Un passage qui révèle la solidarité discrète mais essentielle entre joueurs nord-africains en Europe, au-delà des rivalités sportives.
Chamakh a également réagi au choix très commenté de Yacine Adli, qui a annoncé il y a près de deux ans déjà vouloir jouer pour la France et non pour l’Algérie. Contrairement à certains observateurs, l’ancien attaquant a tenu à saluer la franchise du milieu du Milan AC :
« Adli m'a surpris car il a été très cash, contrairement à d'autres joueurs comme Rayan Cherki. Adli s'est peut-être fait lyncher, mais il a été clair et net. J'ai apprécié car il n'a pas joué de double jeu et n'a pas fait attendre. »

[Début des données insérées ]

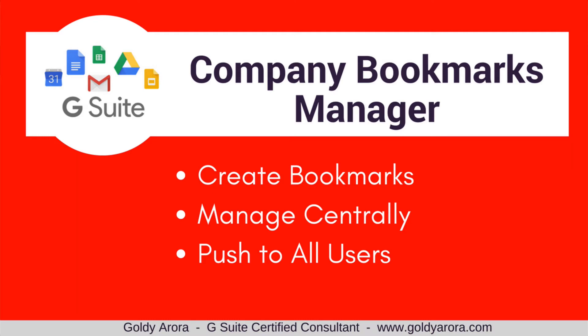Hey guys, this is Goldie again. In this video I'll show you how you can create bookmarks centrally at company level in G Suite, and then you can share these bookmarks either with some of your users or even all of your users in your G Suite organization.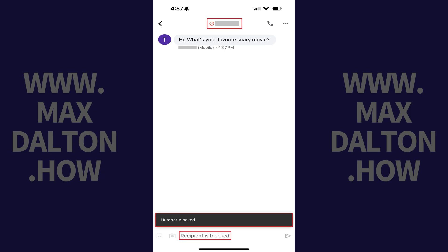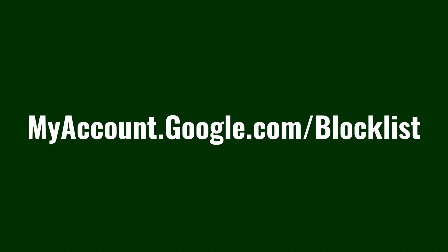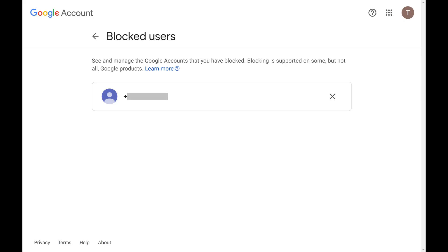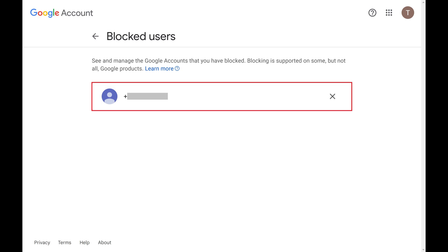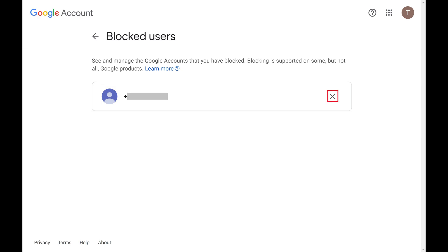Unfortunately, the only real way to see all of the numbers you've blocked in your Google Voice account is through a web browser. You'll need to navigate to myaccount.google.com/blocklist, and then sign into your Google account if you're not signed in already. You'll land on the Blocked Users list associated with your Google account. If you see a number you want to unblock in Google Voice, all you need to do is click the X next to that number. That phone number will be unblocked immediately in your Google Voice account.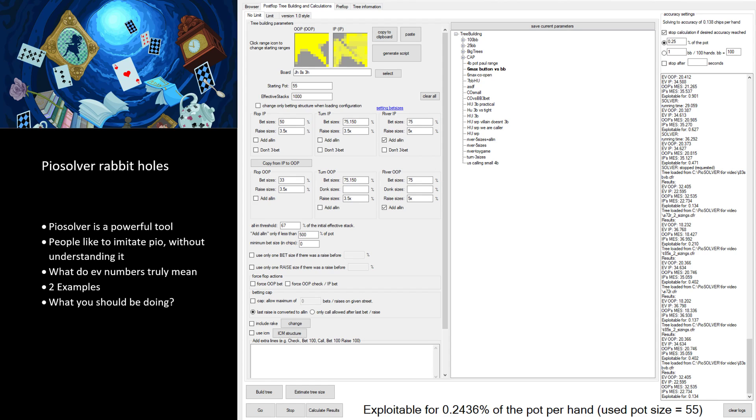Hey guys, this is Uri Peleg and I'm going to talk to you today about PoSolver rabbit holes and how a lot of people do themselves more harm than good using PoSolver.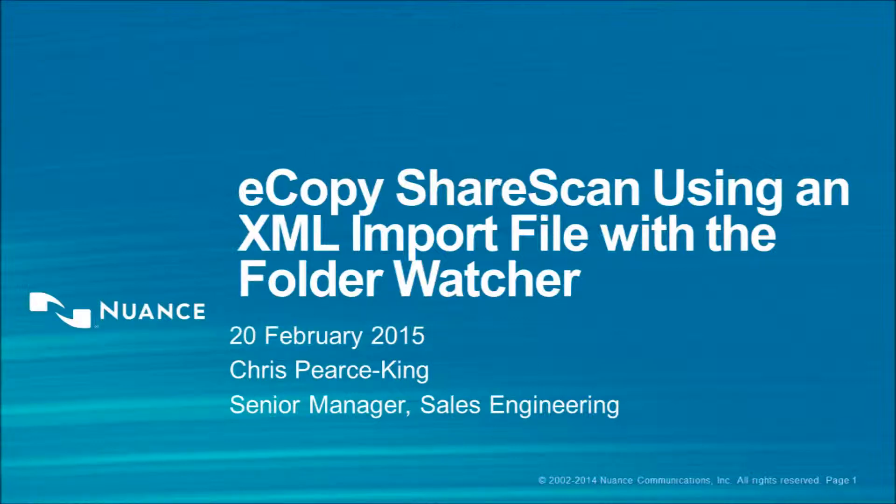Hi, my name is Chris Fears-King. Today I'm going to take you through eCopy ShareScan using the XML import file with the FolderWatcher service.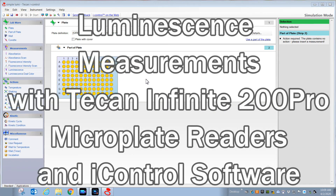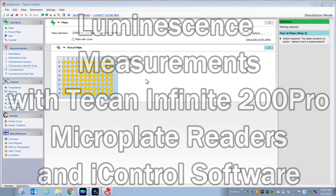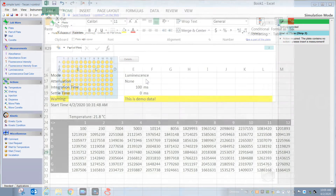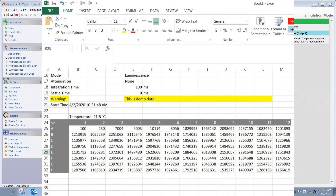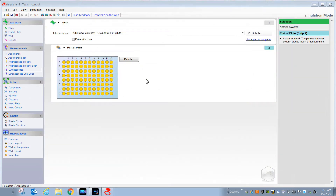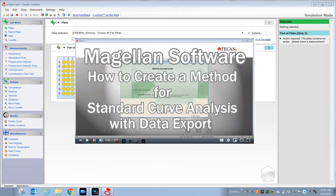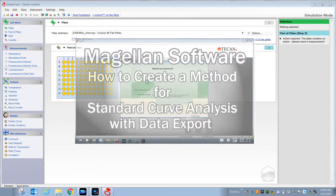This video will provide a brief introduction on how to capture luminescence readings using the TECAN Infinity 200 Pro microplate readers and iControl software. The iControl software will deliver raw data directly to Excel without any data analysis. If you're looking for a way to capture luminescence data as well as get curve fitting functionality, then you'll want to look for videos on this channel or contact TECAN about using Magellan software for that purpose.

Le débat a logiquement dérivé vers le coup de gueule récent d’Islam Slimani sur les binationaux. L’attaquant, dans le même podcast, avait lâché des phrases fortes comme :
« On ne choisit pas l’Algérie. Si tu es né en France et que tu as tout fait en France, joue pour la France. Pourquoi tu joues pour l’Algérie ? »
Chamakh dit comprendre cette sortie musclée et en partage l’origine émotionnelle :
« J'ai énormément de respect envers Slimani, que ce soit pour sa carrière ou pour le joueur. Je le trouvais très bon à Leicester et Monaco, et même en équipe d’Algérie il a toujours tout donné. Je comprends sa réaction et sa façon de voir le football. Je comprends que ça peut le frustrer, ça m'aurait frustré aussi. Les valeurs avant tout. »
Dans un contexte où l’Algérie cherche à clarifier sa politique envers les binationaux, les propos de Chamakh ajoutent une voix mesurée, bienveillante et expérimentée. Entre couscous londonien, franchise assumée et débats identitaires, son passage sur Kampo a eu de quoi satisfaire pas mal d'amateurs de football maghrébins.